## WHAT THE TASK ASKS
Would you transcribe only the lines from the one holding "Bedsure Cooling Dog" through the end of the material, exactly, without any pictures?

## DATASET EXCERPT
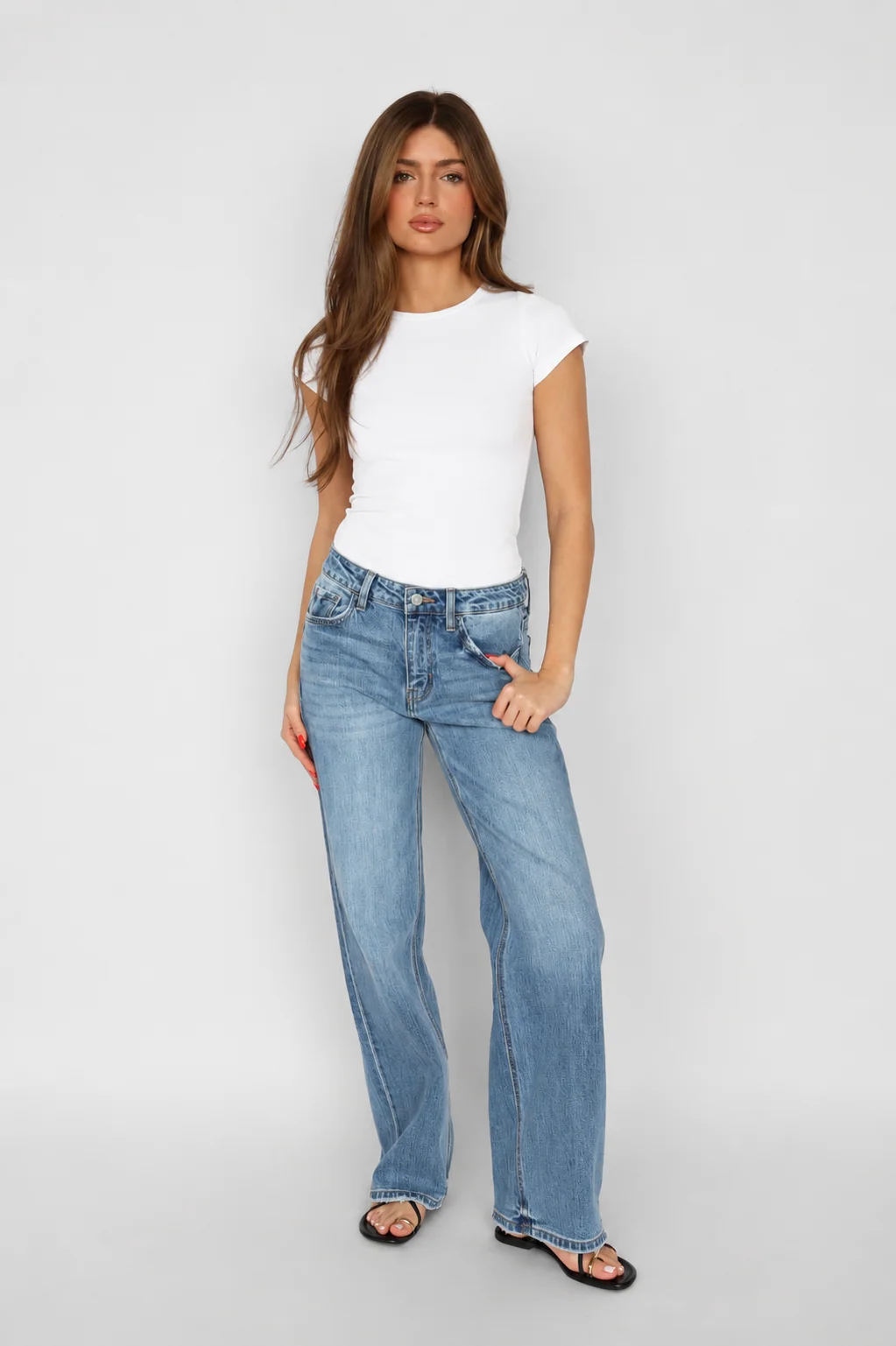 Vervet High Rise Wide Leg Jean - Astonishing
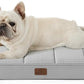 Bedsure Cooling Dog Bed for Small Dogs - Orthopedic Flat Puppy Beds with Removable Washable Cover, Egg Crate Foam Pet Mat, Suitable for Pet Up to 20 lbs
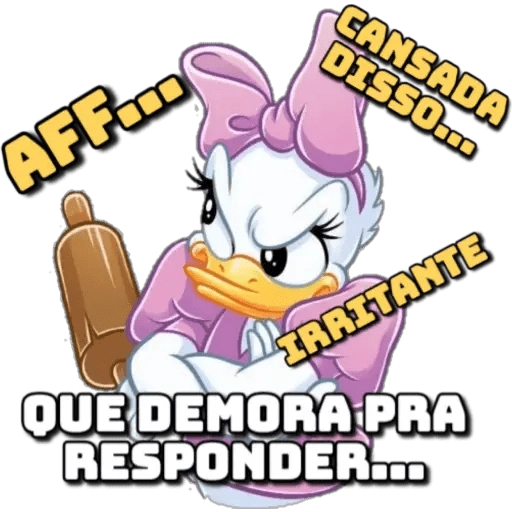 Figurinha: Paty Quack irritada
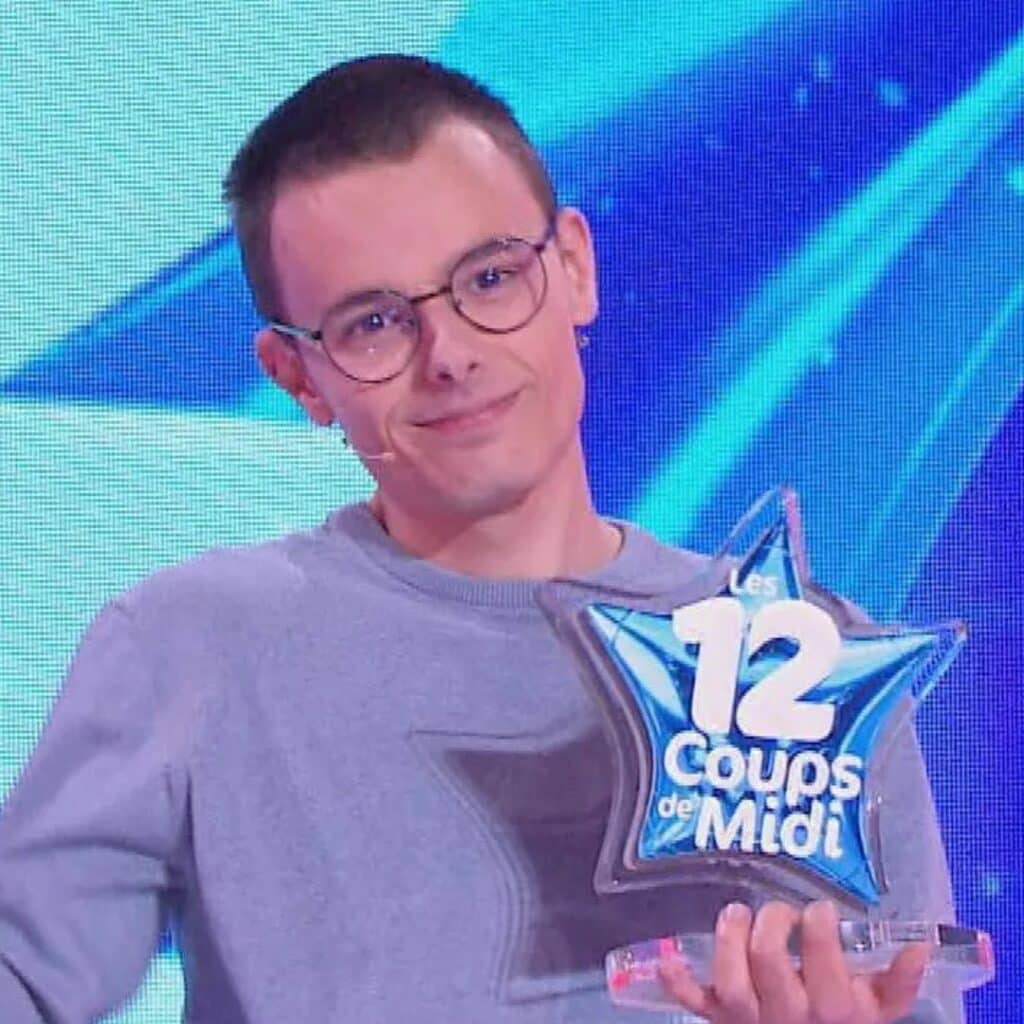 Emilien (Les 12 coups de midi) : champion du monde, il bat un record historique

## RESULT
 Bedsure Cooling Dog Bed for Small Dogs - Orthopedic Flat Puppy Beds with Removable Washable Cover, Egg Crate Foam Pet Mat, Suitable for Pet Up to 20 lbs
 Figurinha: Paty Quack irritada
 Emilien (Les 12 coups de midi) : champion du monde, il bat un record historique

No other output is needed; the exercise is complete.